Signal-to-noise ratio: The excess of irrelevant fields makes it harder to extract meaningful insights quickly, especially in production systems where clarity and performance matter.
Security risk and stability concern: Malicious actors could inject large or numerous custom headers, causing logs to balloon in size and possibly impacting system performance or log processing pipelines.
To mitigate these issues, it would be beneficial to introduce a configuration option that defines a whitelist of log fields for JSON logging. This would give users explicit control over which fields are logged, improving efficiency, clarity, and resilience.
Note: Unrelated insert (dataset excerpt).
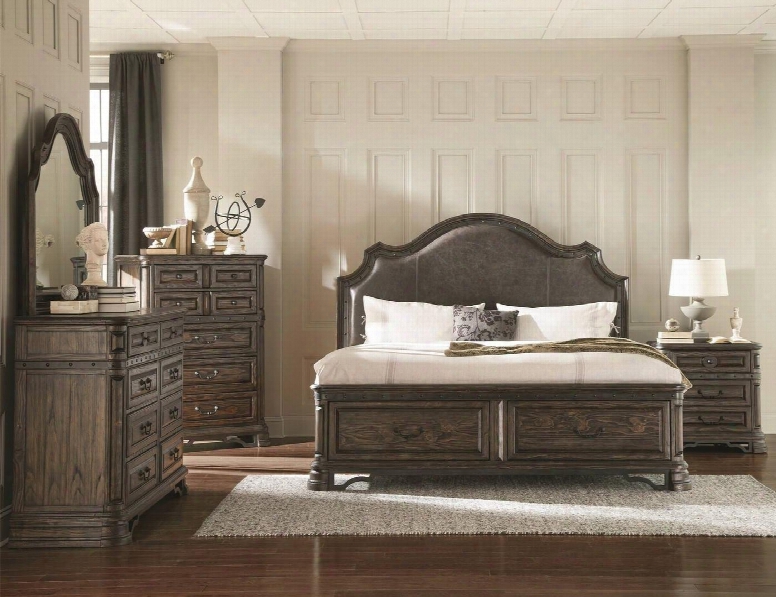 Carlsbad Collection 204040kwset 5 Pc Bedroom Set With California King Size Panel Bed + Dresser + Mirror + Chest + Nightstand In Vintage Espresso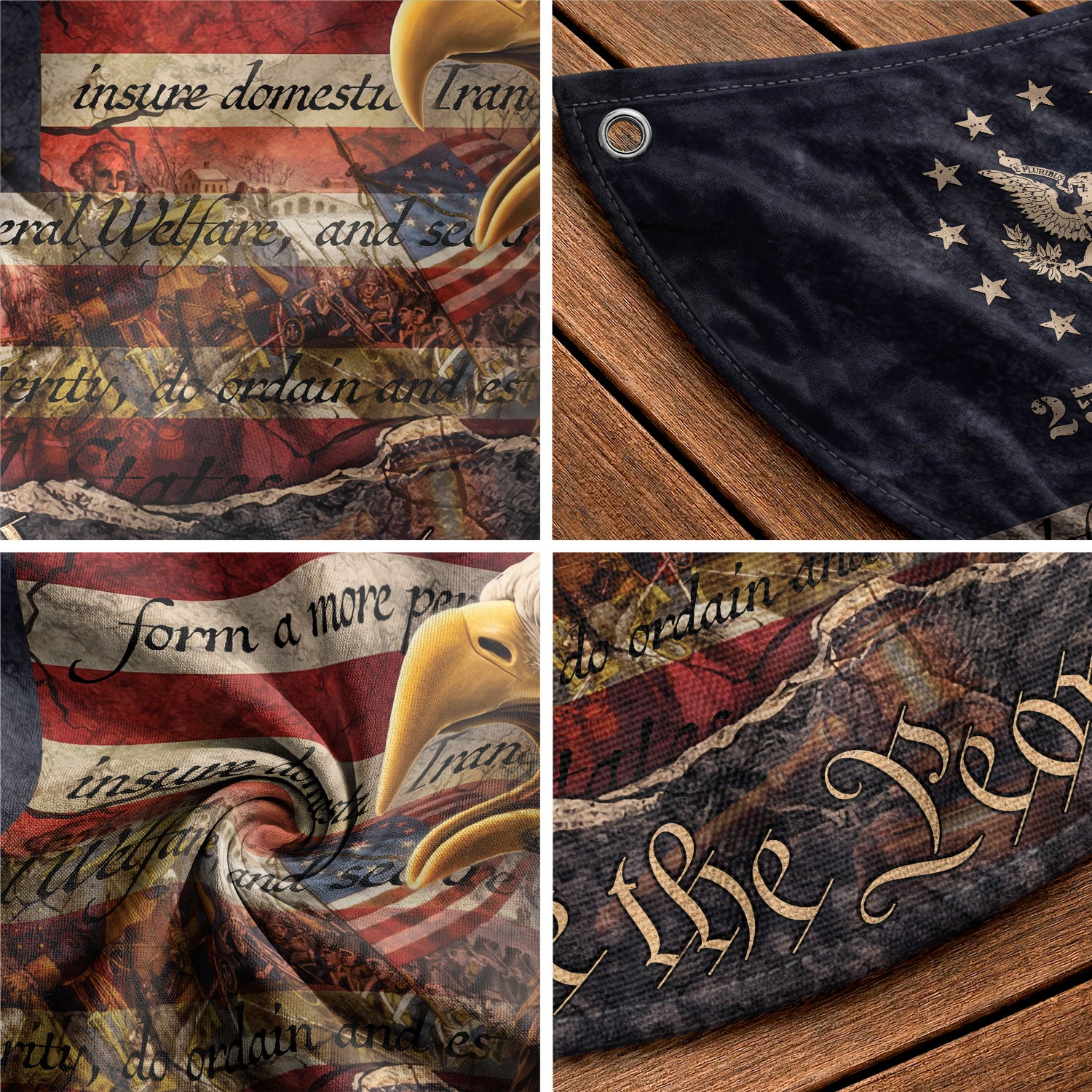 Fence Flag 250th Anniversary USA Flag 1776-2026 Eagle Patriotic Banner 250 Year American Anniversary Flag Decor - Rust Field Wear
In general though, we recommend processing logs as a separate step in your infrastructure (unless someone wants to write a Caddy app that does it): How Logging Works — Caddy Documentation
Not quite — we’ve reviewed the transform-encoder module, but unfortunately it doesn’t meet our needs. It outputs plain strings instead of structured JSON, which forces us to manually build JSON-like strings. This is a workaround, not a proper solution. For example:
log main {
output stdout
format transform `{\"level\":\"{level}\",\"ts\":\"{ts}\",\"logger\":\"{logger}\",\"ip\":\"{request>remote_ip}\",\"user_id\":\"{user_id}\",\"request\":\"{request>method} {request>uri} {request>proto}\",\"status\":{status},\"size\":{size}}` {
unescape_strings
}
}
What’s also confusing is that Caddy already supports a field exclusion (blacklist) mechanism, which shows that the internal logging system is capable of selective field control. But there’s still no support for a whitelist, which has been requested multiple times and repeatedly declined — with no clear explanation.
Adding whitelist support would eliminate the need for custom modules and fragile formatting hacks, and would bring logging configuration in line with common operational requirements — especially when managing log volume, structure, and security.
We hope this can be reconsidered as a native feature.
I can’t reduce the limit—I need to be able to accept headers of the required size. Requests with near-maximum header sizes are typically rare. But this particular behavior of Caddy could become an attack vector. Some Caddy users may not even be aware of this vulnerability.